The measures will apply for a period of three weeks until 15 September 2021. The decision is based on a rule which allows the Court, in exceptional cases, to decide on interim measures where applicants face an imminent risk of irreparable harm.
In this case, the applicants consist of two groups. One group comprises 32 Afghan nationals currently at the border between Poland and Belarus. The applicants in the other group are 41 Kurdish Iraqi nationals. They are currently at the border between Latvia and Belarus.
Importantly, the Court clarifies that this measure is not mandating Poland or Latvia to let the applicants enter their territories. However, the Court might decide on the right to apply for asylum in the next phase of the proceedings.
In fact, Lithuania has reportedly received about 4,200 migrants already this year who have crossed the border from Belarus. Asked at a press briefing this week how Lithuania should handle the situation if the migrants refuse to leave the country, a Commission spokesperson said he could not give any legal advice but underlined that asylum applications must be assessed individually.
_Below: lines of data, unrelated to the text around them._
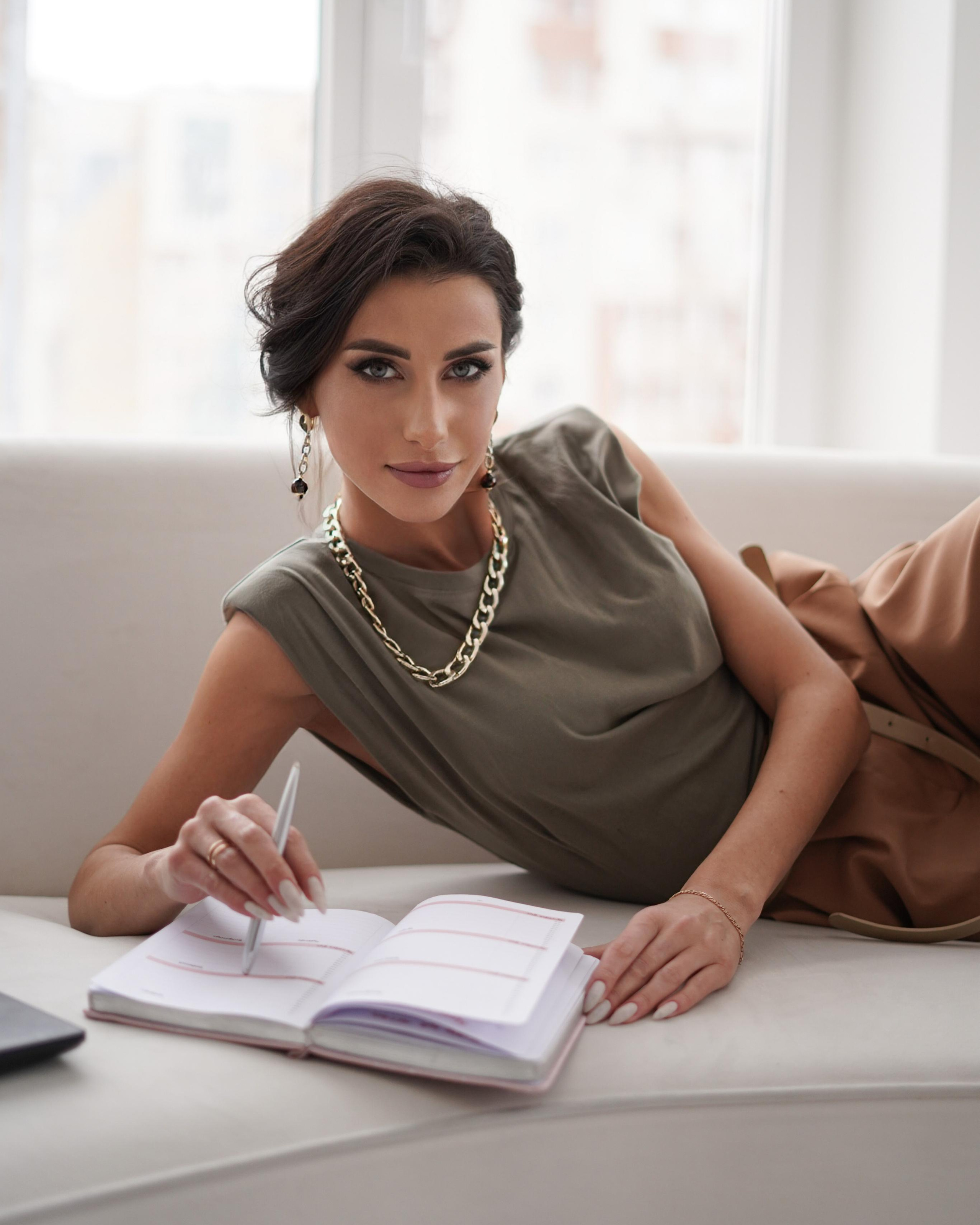 Мастер маникюра — Нина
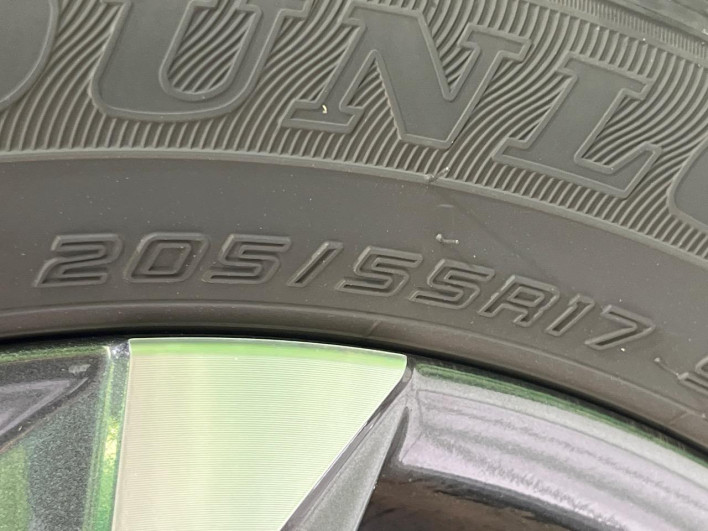 2023 Toyota Voxy 6AA-ZWR90W (UW-6a1a563d8803f)[22]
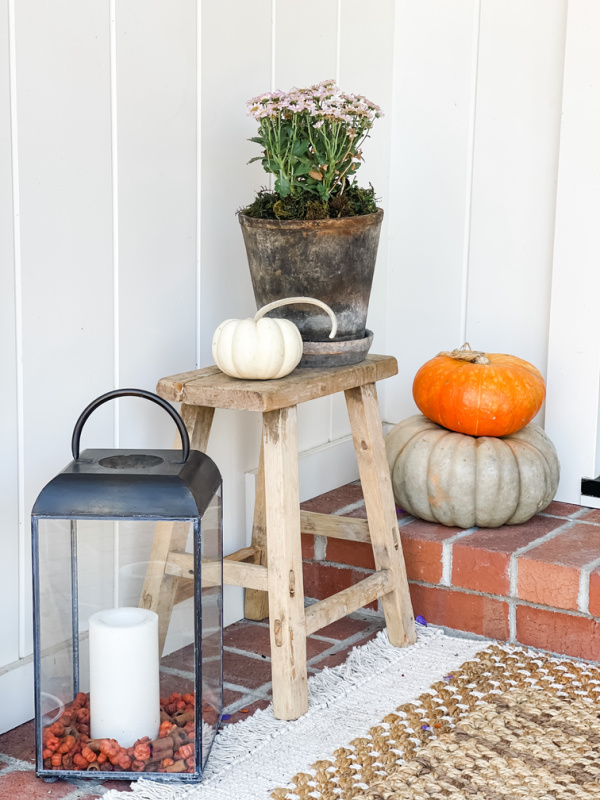 Fall decor at entryway.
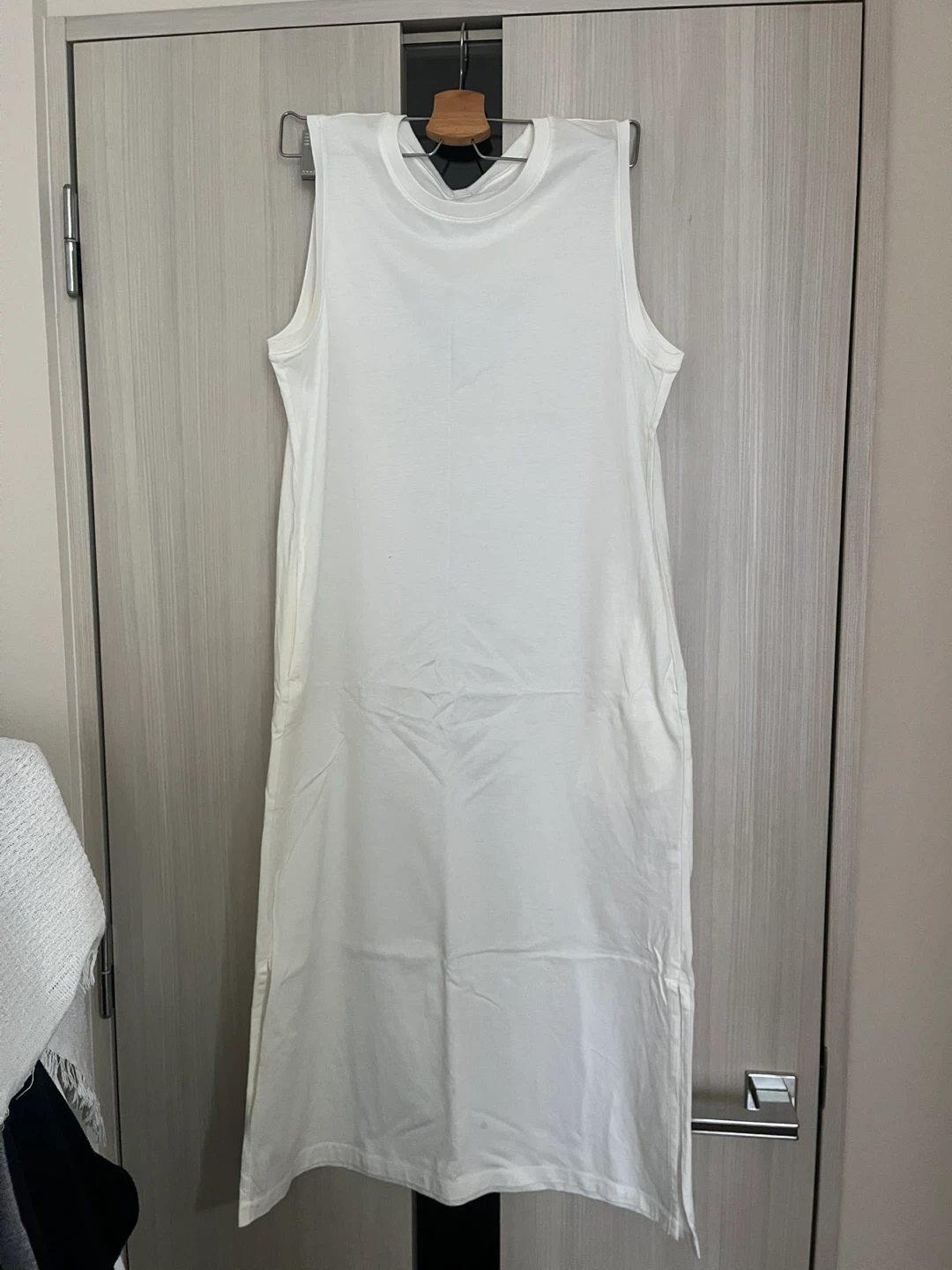 ノースリーブ ロングワンピース 白　UNIQLO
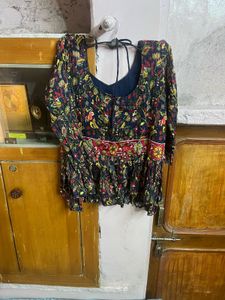 Beautiful Printed Kurta with skrit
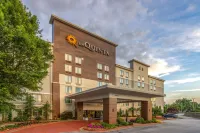 La Quinta Inn & Suites by Wyndham Atlanta Airport North Các khách sạn ở 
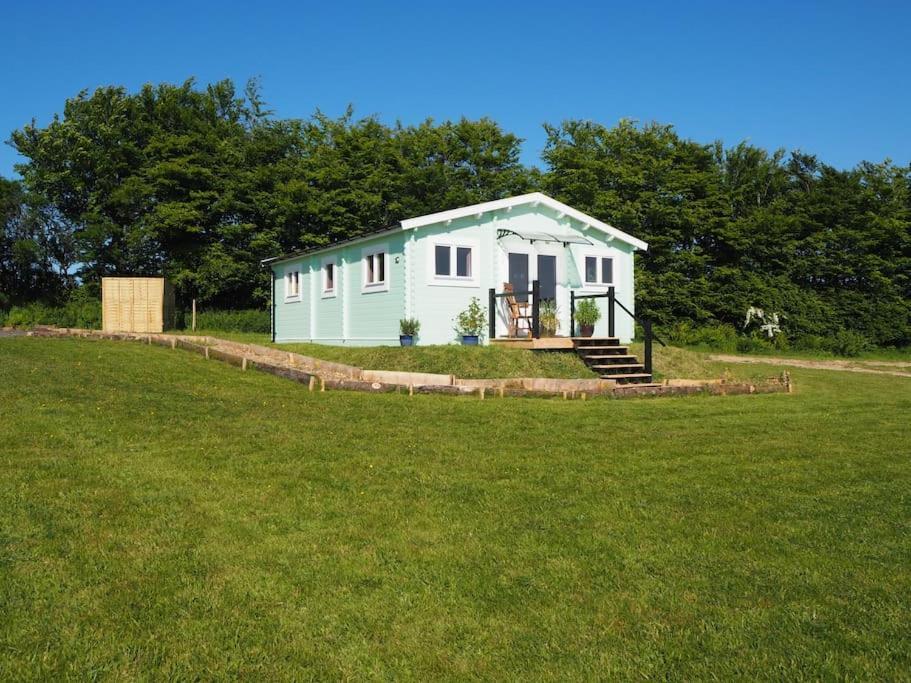 Chalet Ty Twt Carmarthen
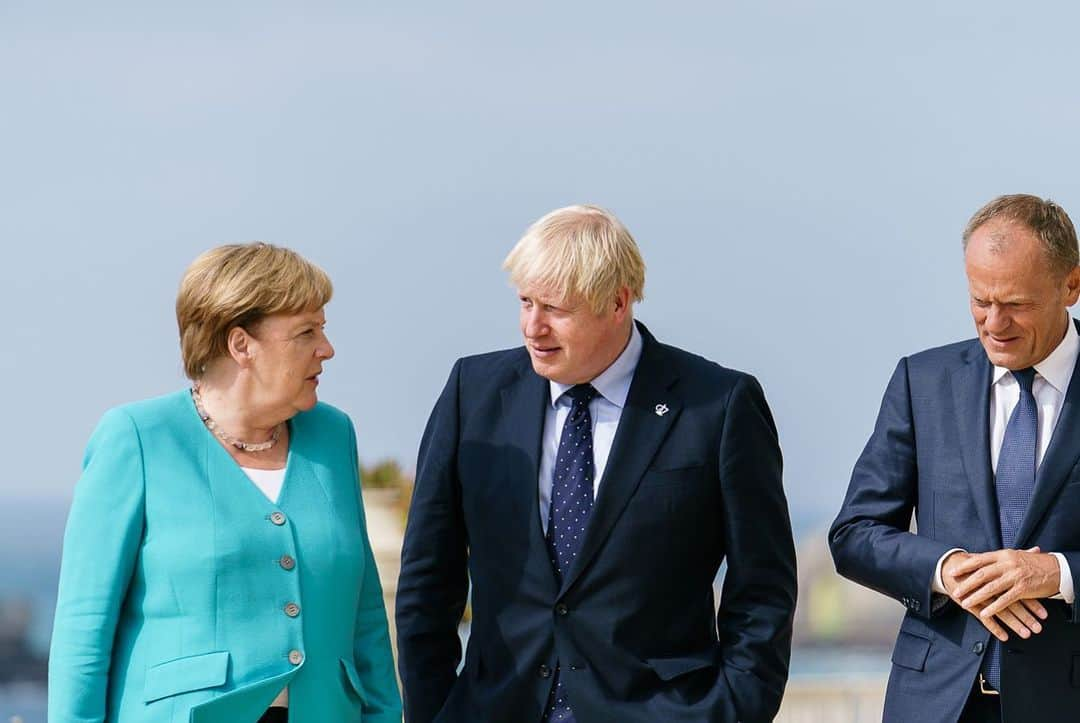 アンゲラ・メルケルさんのインスタグラム写真 - (アンゲラ・メルケルInstagram)「Tag 1 in Biarritz: Vorbereitungen auf den G7-Gipfel - Kanzlerin Merkel u.a. im Gespräch mit Gastgeber Emmanuel Macron sowie mit EU-Ratspräsident Donald Tusk, Großbritanniens Premier Johnson und Italiens Ministerpräsident Giuseppe Conte. --- Day 1 in #Biarritz: Preparations for #G7 Summit - Chancellor #Merkel in conversation with host @emmanuelmacron as well as with EU Council President @donaldtusk, UK Prime Minister @borisjohnsonmp and Italian Prime Minister @giuseppeconte_ufficiale.」8月25日 16時39分 - bundeskanzlerin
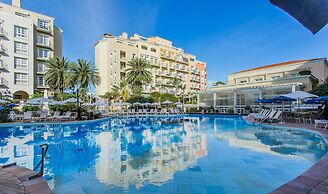 Confortáveis Studios no IL Campanario Resort ILCJR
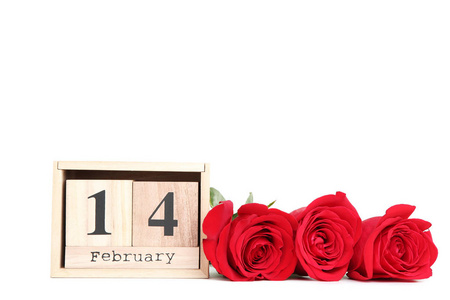 玫瑰花束，木质日历，白色背景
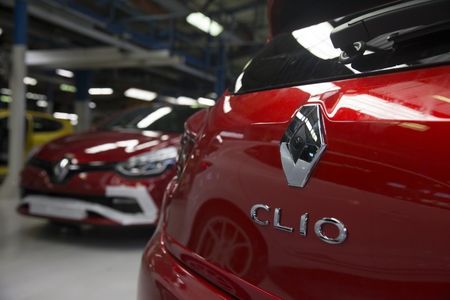 Moins de Renault Clio à Flins pour la 5e génération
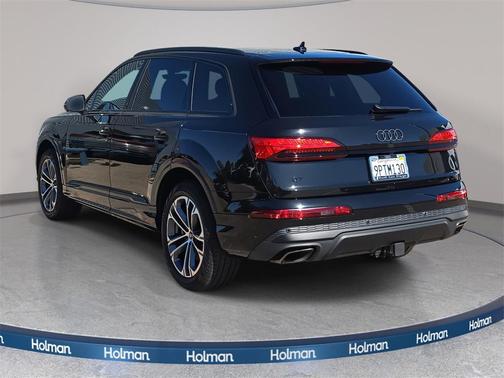 2025 Audi Q7 45 Premium Plus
A Swedish journalist who was allowed to visit a camp for migrants at Kazitiskis, a village north of the Lithuanian capital, reported this week in Dagens Nyheter that the camp houses 120 refugees from nations including Iraq and Afghanistan (as well as other countries). The conditions were described as ‘spartan’. It took also months for the refugees to be registered by the Lithuanian authorities.
Poland appears to apply an even harsher policy and is preventing migrants from crossing the Belarusian border. The Swedish journalist spotted 32 persons, all from Afghanistan, who were stranded in a no man’s land between Belarusian and Polish border guards without access to safe and sanitary conditions.
The Polish ombudsman for human rights, Marcin Wiacek, has criticised his country for its handling of the situation and stated that the border guards are obliged to receive asylum applications.
Asked to comment on alleged pushbacks at the border, a Commission spokesperson replied that the Commission firmly rejects attempts by the Belarusian regime to manipulate migrants and exert pressure on the EU’s external borders. He added that the Commission is following the situation and is in contact with the Polish authorities.
At a recent extraordinary meeting (18 August), interior ministers of EU Member States discussed the need for additional assistance for the Member States bordering Belarus. They also discussed the latest developments in Afghanistan.
The ministers will meet again next week. European Commission President von der Leyen described the meeting as a step in deciding on the scheme for voluntary settlement of Afghan nationals and their families that have been evacuated from the country following the Taliban takeover of the country. Member States are expected to allocate humanitarian visas to the evacuated people.
She also said after the G7 meeting this week “that the events we see in recent days underline the urgent need for Member States and the European Parliament to come to an agreement on our proposed Pact on Migration and Asylum. We need a fully functioning system in place that allows us to effectively manage our borders, ensures solidarity between Member States, and cooperates with countries of origin and transit.”